What this task involves: Will you return, word for word, only the lines from the top of the data below down to and including the one with "ELJGET Low Loft"?

Source records:

▬▬▬▬▬▬

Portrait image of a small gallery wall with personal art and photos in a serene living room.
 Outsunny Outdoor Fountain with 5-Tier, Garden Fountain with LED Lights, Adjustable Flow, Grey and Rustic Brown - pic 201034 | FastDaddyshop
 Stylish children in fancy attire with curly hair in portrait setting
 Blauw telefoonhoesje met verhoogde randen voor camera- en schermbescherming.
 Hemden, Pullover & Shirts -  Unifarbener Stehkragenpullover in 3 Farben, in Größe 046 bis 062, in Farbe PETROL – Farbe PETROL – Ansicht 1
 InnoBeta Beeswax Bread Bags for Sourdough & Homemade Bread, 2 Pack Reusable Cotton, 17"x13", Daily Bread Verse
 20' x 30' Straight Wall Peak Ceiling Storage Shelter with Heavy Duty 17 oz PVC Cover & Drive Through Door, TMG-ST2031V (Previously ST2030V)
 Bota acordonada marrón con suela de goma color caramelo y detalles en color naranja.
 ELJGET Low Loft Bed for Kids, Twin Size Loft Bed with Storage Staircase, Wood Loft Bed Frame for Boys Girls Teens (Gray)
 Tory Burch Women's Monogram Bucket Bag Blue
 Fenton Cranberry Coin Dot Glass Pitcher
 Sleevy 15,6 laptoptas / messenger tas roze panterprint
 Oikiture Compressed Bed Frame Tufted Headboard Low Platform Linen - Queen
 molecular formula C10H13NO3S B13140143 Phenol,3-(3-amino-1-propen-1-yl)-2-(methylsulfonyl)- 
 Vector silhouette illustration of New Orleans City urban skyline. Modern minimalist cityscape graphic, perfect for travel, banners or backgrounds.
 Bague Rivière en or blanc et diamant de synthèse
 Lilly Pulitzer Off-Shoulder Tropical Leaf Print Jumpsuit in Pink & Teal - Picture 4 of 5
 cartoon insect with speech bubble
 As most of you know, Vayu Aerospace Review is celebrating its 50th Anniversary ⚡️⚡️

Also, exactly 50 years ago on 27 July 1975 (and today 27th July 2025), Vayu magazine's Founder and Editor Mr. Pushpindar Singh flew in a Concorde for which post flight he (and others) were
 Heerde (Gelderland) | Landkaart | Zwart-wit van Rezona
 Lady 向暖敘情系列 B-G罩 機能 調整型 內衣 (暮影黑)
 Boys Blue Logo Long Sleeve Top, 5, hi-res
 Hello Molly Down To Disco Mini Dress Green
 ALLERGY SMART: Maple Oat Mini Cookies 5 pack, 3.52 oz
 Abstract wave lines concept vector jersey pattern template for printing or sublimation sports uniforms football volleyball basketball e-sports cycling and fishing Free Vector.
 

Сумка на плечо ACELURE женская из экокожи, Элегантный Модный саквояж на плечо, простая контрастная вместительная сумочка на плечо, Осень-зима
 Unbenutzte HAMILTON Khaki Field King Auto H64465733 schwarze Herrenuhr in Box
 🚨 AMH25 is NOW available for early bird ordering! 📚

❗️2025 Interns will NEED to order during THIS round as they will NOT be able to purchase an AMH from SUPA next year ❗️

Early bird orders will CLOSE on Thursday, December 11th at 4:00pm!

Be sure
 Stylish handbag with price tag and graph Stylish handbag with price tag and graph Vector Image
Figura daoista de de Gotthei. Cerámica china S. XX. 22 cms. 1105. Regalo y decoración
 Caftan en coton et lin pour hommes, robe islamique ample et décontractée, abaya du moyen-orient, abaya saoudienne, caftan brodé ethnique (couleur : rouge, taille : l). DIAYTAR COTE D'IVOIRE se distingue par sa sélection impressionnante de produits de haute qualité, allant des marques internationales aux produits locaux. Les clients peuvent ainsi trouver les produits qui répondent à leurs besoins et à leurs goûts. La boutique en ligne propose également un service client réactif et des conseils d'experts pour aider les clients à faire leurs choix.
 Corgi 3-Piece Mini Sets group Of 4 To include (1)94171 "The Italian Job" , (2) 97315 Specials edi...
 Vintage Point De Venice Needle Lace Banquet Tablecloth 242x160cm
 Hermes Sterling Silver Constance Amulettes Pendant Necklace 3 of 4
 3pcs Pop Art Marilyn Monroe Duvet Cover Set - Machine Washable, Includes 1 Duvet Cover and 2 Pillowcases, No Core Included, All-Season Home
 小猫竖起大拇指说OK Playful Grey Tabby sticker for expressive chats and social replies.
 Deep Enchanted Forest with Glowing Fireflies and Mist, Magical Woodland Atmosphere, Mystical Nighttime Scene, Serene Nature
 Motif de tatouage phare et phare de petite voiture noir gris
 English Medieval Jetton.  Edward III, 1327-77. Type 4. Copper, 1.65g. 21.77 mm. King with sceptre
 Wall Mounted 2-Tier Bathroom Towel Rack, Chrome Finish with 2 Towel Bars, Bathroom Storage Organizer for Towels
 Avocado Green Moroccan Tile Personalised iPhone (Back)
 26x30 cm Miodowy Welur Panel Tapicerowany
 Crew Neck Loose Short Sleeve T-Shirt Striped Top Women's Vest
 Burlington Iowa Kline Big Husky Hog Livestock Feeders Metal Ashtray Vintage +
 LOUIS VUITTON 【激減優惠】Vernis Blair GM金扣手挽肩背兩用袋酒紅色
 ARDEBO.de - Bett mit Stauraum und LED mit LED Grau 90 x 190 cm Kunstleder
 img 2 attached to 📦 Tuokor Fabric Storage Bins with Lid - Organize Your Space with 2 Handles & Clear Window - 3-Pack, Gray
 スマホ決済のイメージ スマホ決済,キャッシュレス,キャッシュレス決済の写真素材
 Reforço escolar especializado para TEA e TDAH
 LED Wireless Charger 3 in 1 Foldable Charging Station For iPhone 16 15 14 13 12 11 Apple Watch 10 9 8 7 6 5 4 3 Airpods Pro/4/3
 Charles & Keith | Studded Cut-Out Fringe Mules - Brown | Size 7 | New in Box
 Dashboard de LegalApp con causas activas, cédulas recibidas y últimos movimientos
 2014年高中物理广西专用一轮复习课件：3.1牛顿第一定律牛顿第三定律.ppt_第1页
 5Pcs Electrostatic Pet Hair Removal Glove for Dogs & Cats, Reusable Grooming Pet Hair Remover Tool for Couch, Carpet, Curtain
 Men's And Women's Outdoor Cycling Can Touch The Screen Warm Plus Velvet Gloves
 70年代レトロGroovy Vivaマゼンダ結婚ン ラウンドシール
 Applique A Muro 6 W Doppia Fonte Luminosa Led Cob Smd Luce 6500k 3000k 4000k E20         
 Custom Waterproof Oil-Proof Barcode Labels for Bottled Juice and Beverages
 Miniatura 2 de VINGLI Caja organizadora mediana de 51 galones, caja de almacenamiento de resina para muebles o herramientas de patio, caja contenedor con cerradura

▬▬▬▬▬▬

Exercise result:
Portrait image of a small gallery wall with personal art and photos in a serene living room.
 Outsunny Outdoor Fountain with 5-Tier, Garden Fountain with LED Lights, Adjustable Flow, Grey and Rustic Brown - pic 201034 | FastDaddyshop
 Stylish children in fancy attire with curly hair in portrait setting
 Blauw telefoonhoesje met verhoogde randen voor camera- en schermbescherming.
 Hemden, Pullover & Shirts -  Unifarbener Stehkragenpullover in 3 Farben, in Größe 046 bis 062, in Farbe PETROL – Farbe PETROL – Ansicht 1
 InnoBeta Beeswax Bread Bags for Sourdough & Homemade Bread, 2 Pack Reusable Cotton, 17"x13", Daily Bread Verse
 20' x 30' Straight Wall Peak Ceiling Storage Shelter with Heavy Duty 17 oz PVC Cover & Drive Through Door, TMG-ST2031V (Previously ST2030V)
 Bota acordonada marrón con suela de goma color caramelo y detalles en color naranja.
 ELJGET Low Loft Bed for Kids, Twin Size Loft Bed with Storage Staircase, Wood Loft Bed Frame for Boys Girls Teens (Gray)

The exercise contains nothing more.